Yes JayB,  I am in the private sector, I have been in Kabul for over a year now working as a PSD, Site Security Manager, Risk Managment Consultant.  Also mentoring and training the APPF (Afghanistan Public Protection Force) Officer's, NCO's and Guard force.







Cheers
Pop


----------



## Pte. Jay (3 Jan 2013)

Popurhedoff said:
			
		

> Yes JayB,  I am in the private sector, I have been in Kabul for over a year now working as a PSD, Site Security Manager, Risk Managment Consultant.  Also mentoring and training the APPF (Afghanistan Public Protection Force) Officer's, NCO's and Guard force.
> 
> 
> 
> ...



That's awesome!
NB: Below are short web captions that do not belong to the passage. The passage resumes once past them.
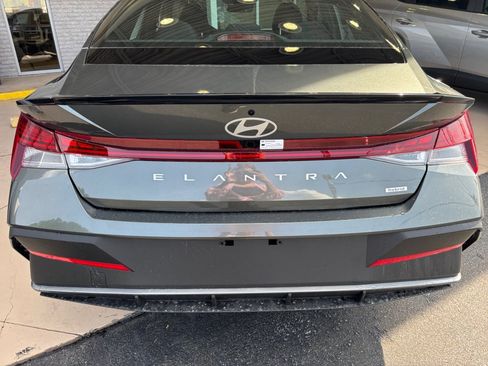 Certified 2025 Hyundai Elantra SEL FWD image 14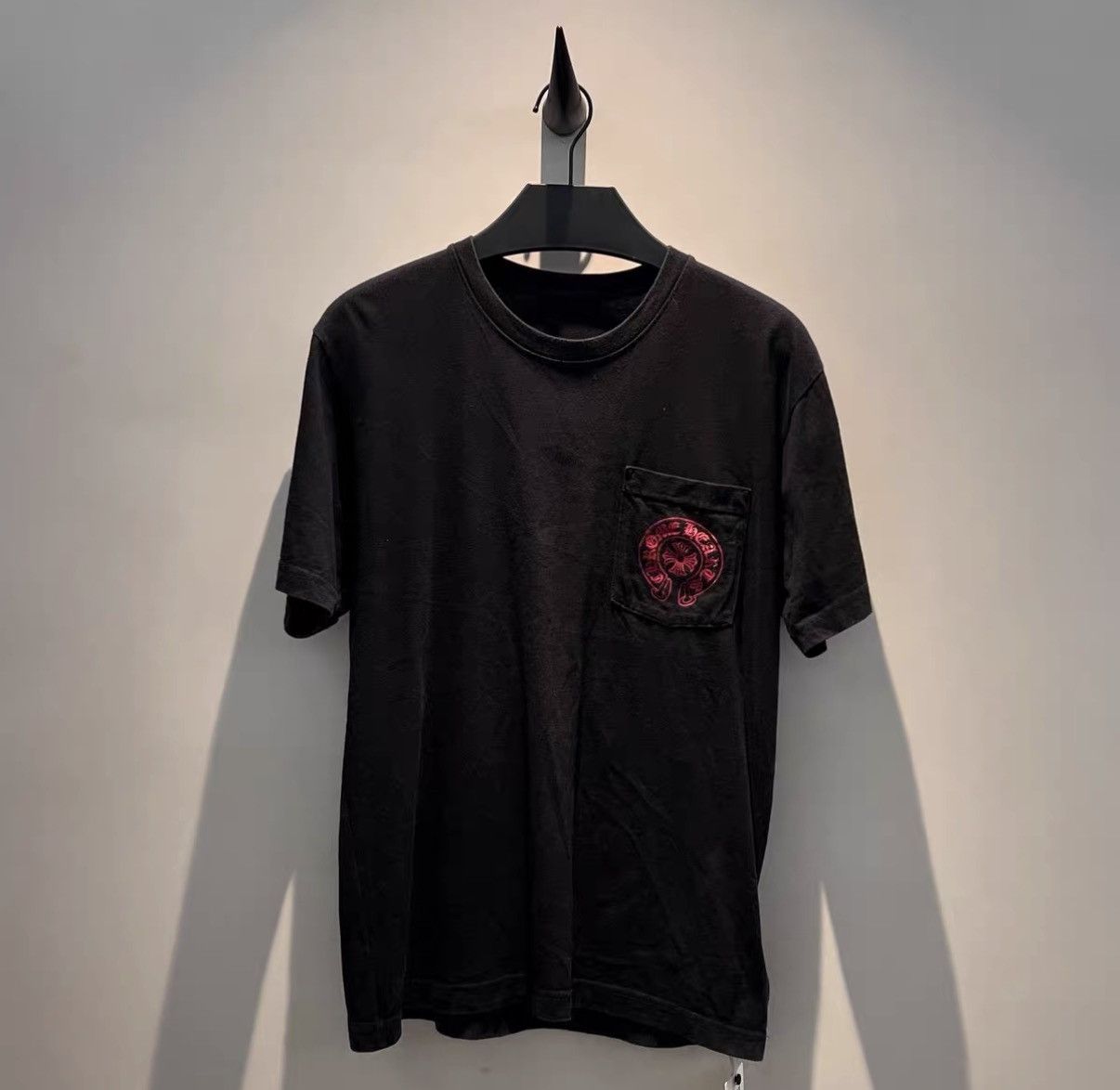 Chrome Hearts Chrome Hearts Miami exclusive red horseshoe T-shirt Size US M / EU 48-50 / 2 - 1 Thumbnail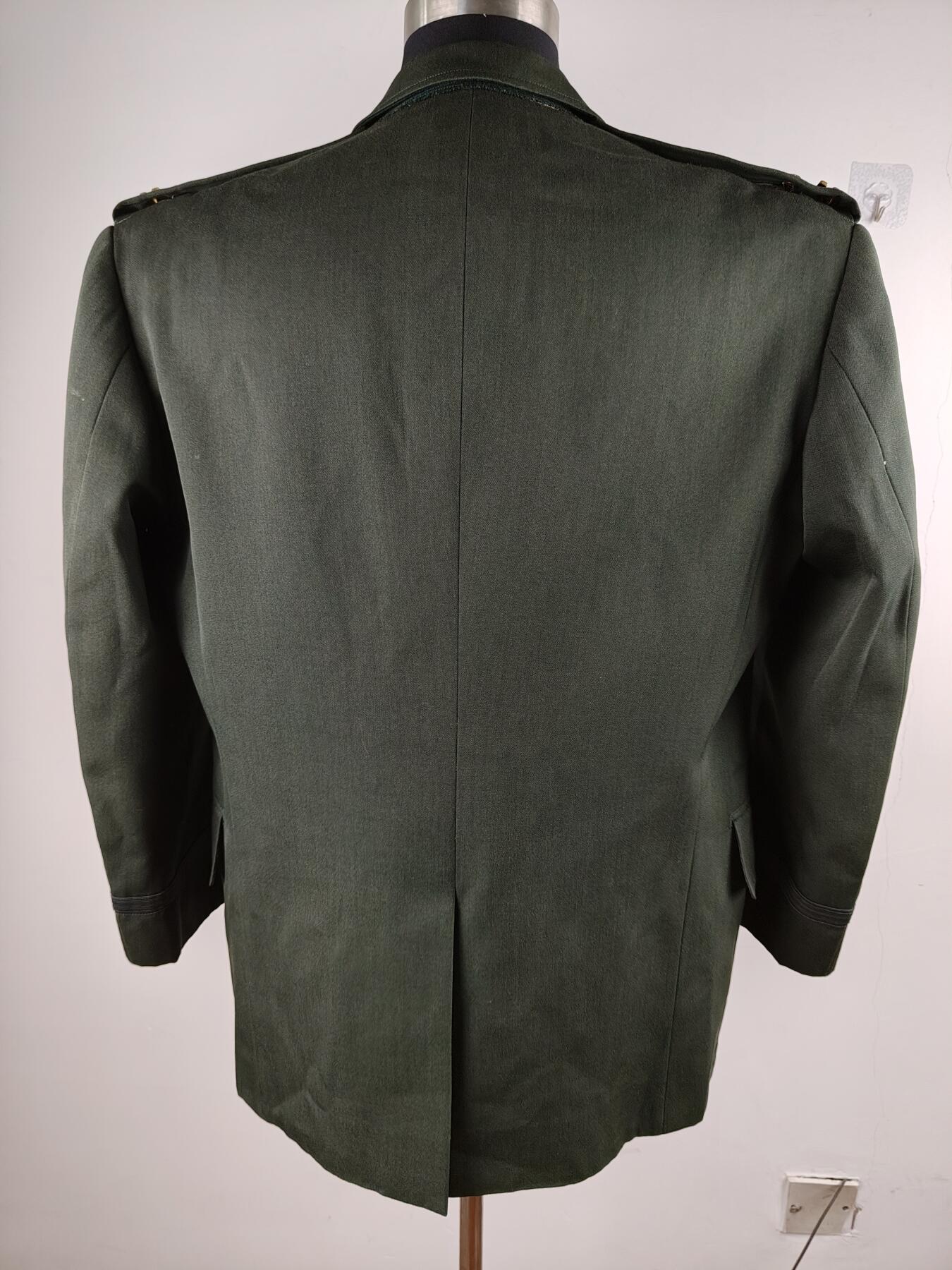 全场0元起拍 第173期 咸鱼国勋章拍卖专场 7月14日（周日）下午6：00开始 日本陆自91式 洋服店定制常服通礼 肩章可拆卸换礼服肩章 二佐阶级 胸围110 肩宽44 衣长75 袖长55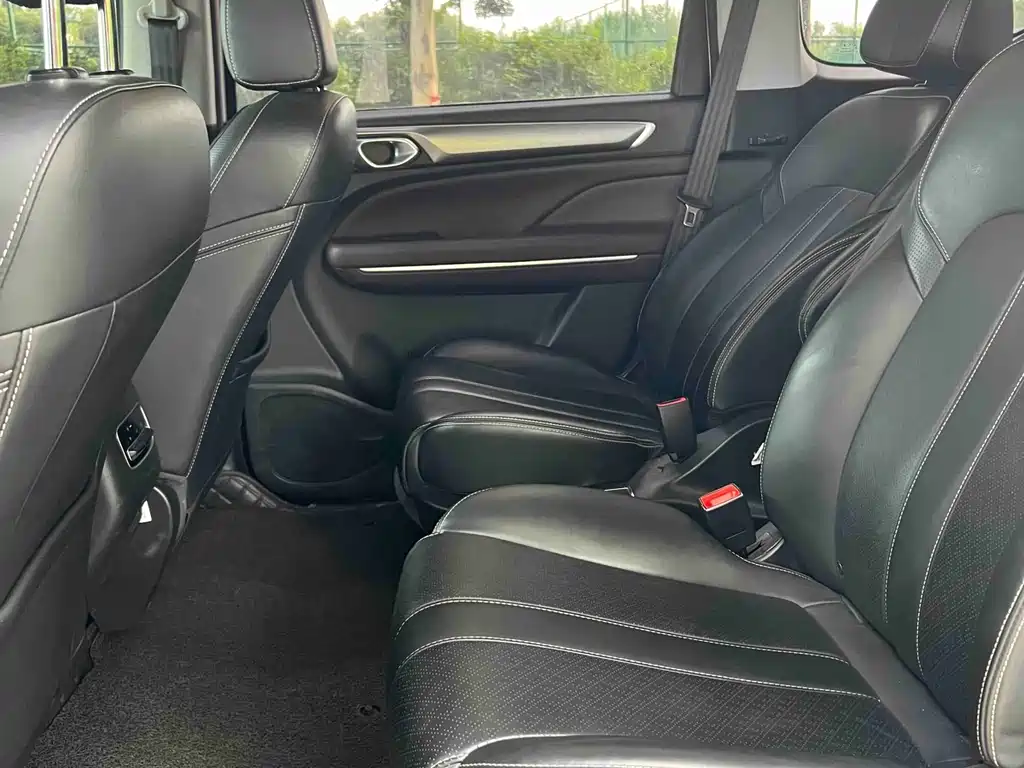 GAC Motor Trumpchi M6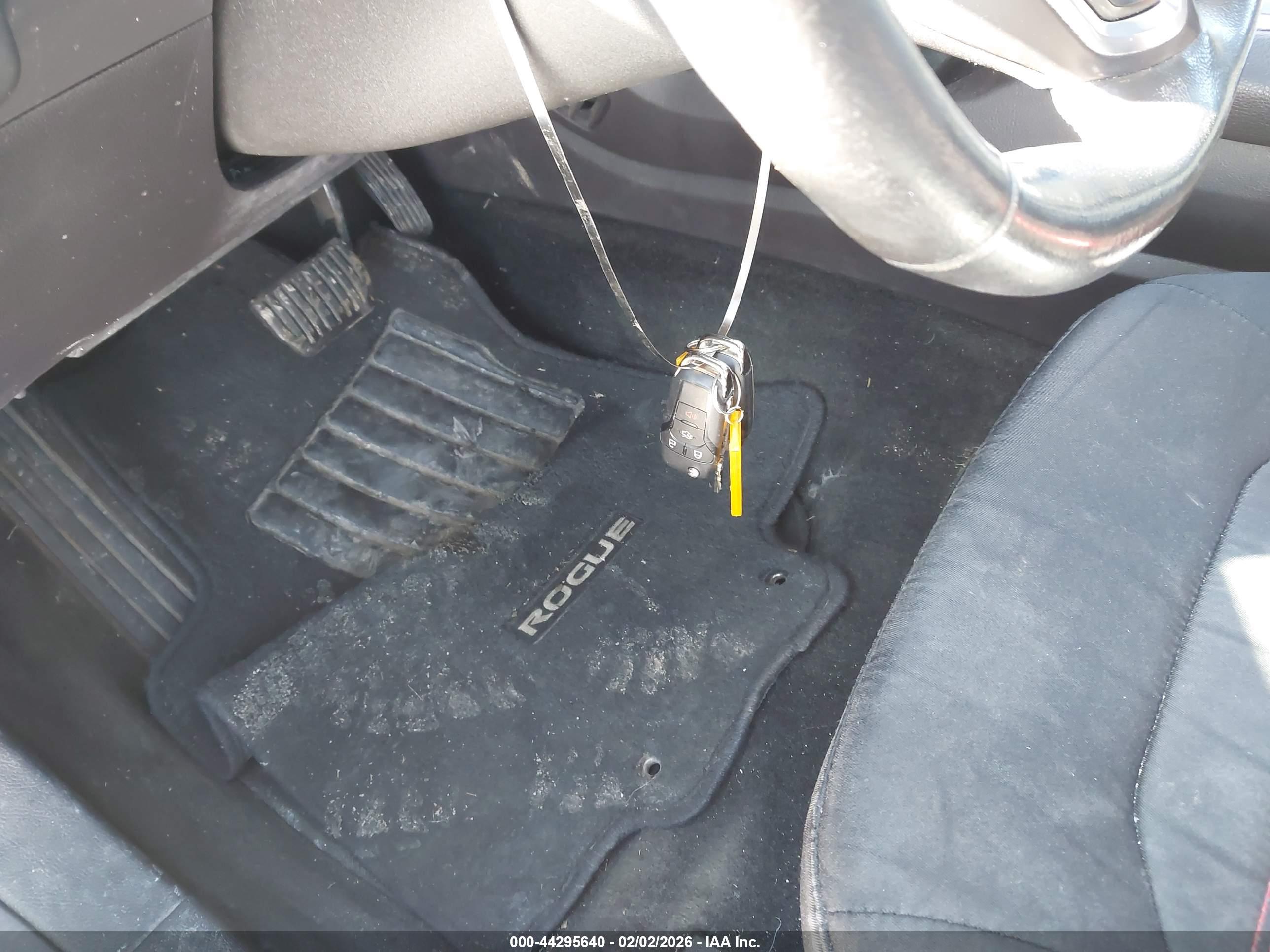 FORD FUSION image 11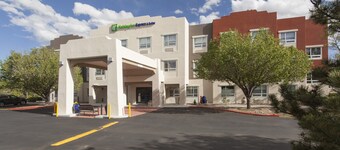 Holiday Inn Express & Suites Santa Fe by IHG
What's that like?


----------



## Sig_Des (3 Jan 2013)

JayB said:
			
		

> That's awesome! What's that like?



You can't ask him that. You won't get an accurate answer. You have to ask Afghanistan what it's like having Pop


----------



## Good2Golf (3 Jan 2013)

Pop, is it just me, or does the ghost cam take pounds off you?  ;D

Cheers and stay safe, brother.

G2G


----------



## Jarnhamar (3 Jan 2013)

Good2Golf said:
			
		

> Pop, is it just me, or does the ghost cam take pounds off you?  ;D
> 
> Cheers and stay safe, brother.
> 
> G2G


Gotta say that stuff looks wild.


----------



## Popurhedoff (4 Jan 2013)

Beadwindow 7 said:
			
		

> You can't ask him that. You won't get an accurate answer. You have to ask Afghanistan what it's like having Pop



It is definatly rewarding, but also without the Big Green machine supporting you have to have your wits about yourself, your spidey sense has to be over active because your definatly on your own. In a Tic, you fight through it and mend yourself afterwards as you have no support.  I think Canadians overall have a very good reputation over here, and I have made a positive imprint of the locals that I interact with.



			
				Good2Golf said:
			
		

> Pop, is it just me, or does the ghost cam take pounds off you?  ;D
> 
> Cheers and stay safe, brother
> 
> G2G



Hello G2G,  I have actually gained weight, one of the benifits of being with CANSOFCOM was the physical fitness, I carried that mindset over and keep in shape, at the gym 6 days a week.  Being in shape reduced the chances of injuries,  the ghost cam lies  :nod:

But back to the topic of recruiting, if you think you have what it takes and can pass selection, it will be the most rewarding undertaking of your life.  The Etho's, the training, the team work is definatly notches above being in the Military but you will learn more about yourself, you will dig deeper, work harder, and at time feel like packing it in, but I would not have changed it for anything,  it has made me a better person.

And now I am enjoying my retirement here in Kabul.

Cheers all

Pop


----------